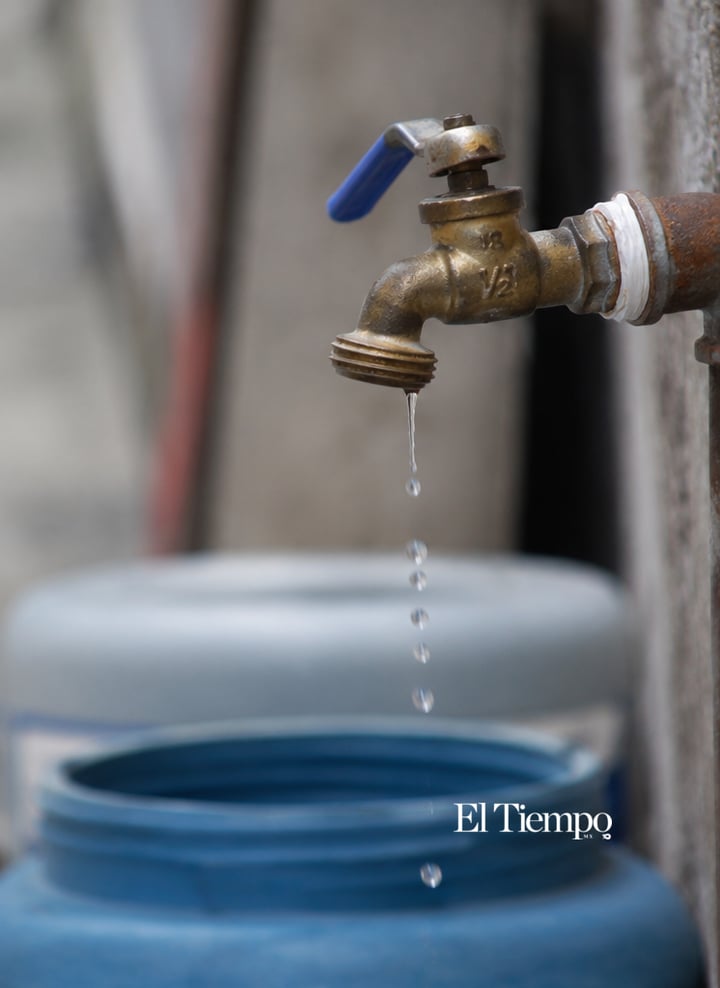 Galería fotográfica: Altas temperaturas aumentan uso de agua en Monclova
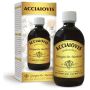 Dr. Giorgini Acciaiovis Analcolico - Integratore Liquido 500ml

■ ■ ■ ■ ■

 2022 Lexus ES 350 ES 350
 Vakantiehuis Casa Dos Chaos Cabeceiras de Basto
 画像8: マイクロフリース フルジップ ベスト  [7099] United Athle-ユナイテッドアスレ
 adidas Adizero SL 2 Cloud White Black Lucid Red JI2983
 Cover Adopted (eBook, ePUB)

■ ■ ■ ■ ■

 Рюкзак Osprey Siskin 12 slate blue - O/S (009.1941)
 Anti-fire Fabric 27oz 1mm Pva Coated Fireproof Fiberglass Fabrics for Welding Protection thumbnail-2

■ ■ ■ ■ ■

## EXERCISE OBJECTIVE
Scan the listing above for the line that has "2022 Lexus ES 350 ES 350", then copy exactly from that line through the line that has "Cover Adopted (eBook, ePUB)".

## EXERCISE RESULT
 2022 Lexus ES 350 ES 350
 Vakantiehuis Casa Dos Chaos Cabeceiras de Basto
 画像8: マイクロフリース フルジップ ベスト  [7099] United Athle-ユナイテッドアスレ
 adidas Adizero SL 2 Cloud White Black Lucid Red JI2983
 Cover Adopted (eBook, ePUB)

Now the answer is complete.